Just as we aspire to embrace the differences in Jewish interest and potential in the home and work to maximize each family member’s Jewish self, it is inconsistent with Jewish wisdom to critically judge a Jew’s ability to learn Jewish subjects.  A student labeled anything but an “A” in a Jewish subject will internalize a view of himself or herself as less than great at Jewish study, or worse, a less than great Jew. If we agree that we want to build Jewish self-esteem in our children and cultivate their Jewish greatness, then imitating the evaluation models for general studies like exams and grades is misguided. This works against building a Jewish self of distinction that longs to learn and grow and the courage that it takes to live Jewishly.
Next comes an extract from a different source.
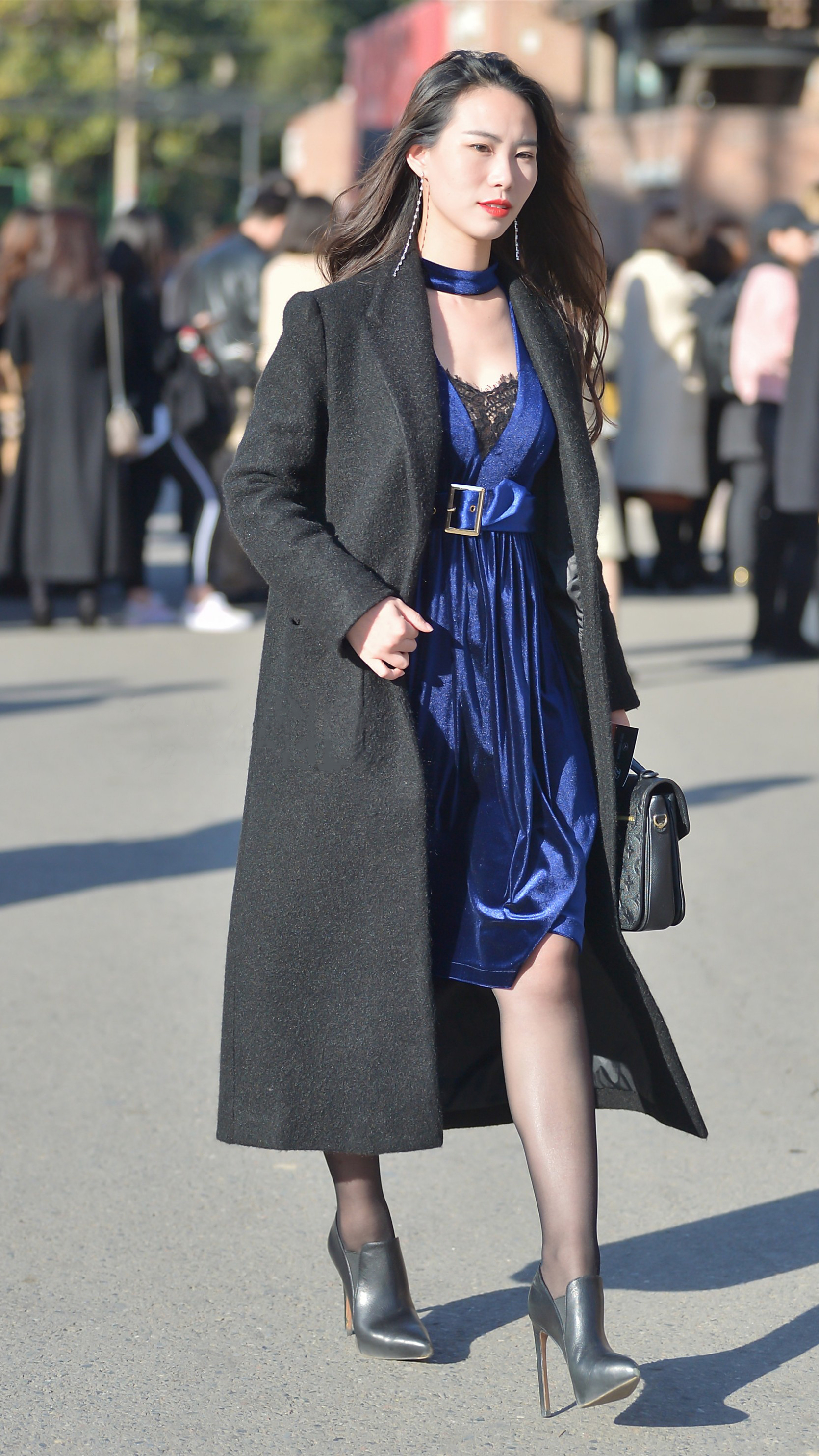 冬天穿连衣裙,搭配毛呢大衣和尖头细跟鞋,时髦保暖还显身材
While testing and grading for math, science, and language reward for achievement, Jewish development and studies both in the home and at school should be appreciated as holy and distinct. While general studies are valuable and provide a vital knowledge base for professional success, those components are vastly different from the building blocks of Jewish identity. Jewish values provide the basis for our morality and ethical behavior. They inspire our leadership. They instruct how to build healthy homes and marriages. They enhance our happiness and wellbeing. They must be distinctly encouraged and evaluated according to effort and not achievement, each according to his or her way.

We need to help our children navigate the world with courage. Courage is a vital trait for Jewish growth and expression. It took an unimaginable amount of courage for our Jewish ancestors in Egypt to mark their doorposts. It takes courage to move from one culture to another, to change practiced customs, to transform ourselves and even our institutions. Courage is so rare these days in leadership that when it shows up, it gets attention and admiration.

I am committed to fighting courageously for the values that distinguish our people and for future generations of Jews to own their Judaism. I invite parents, Jewish educators, and stakeholders to pursue distinction and to think outside the box. Let’s teach our children to be courageous, to be proud Jews, and to embrace Judaism because its time-tested values flourish in beautiful and life-changing ways.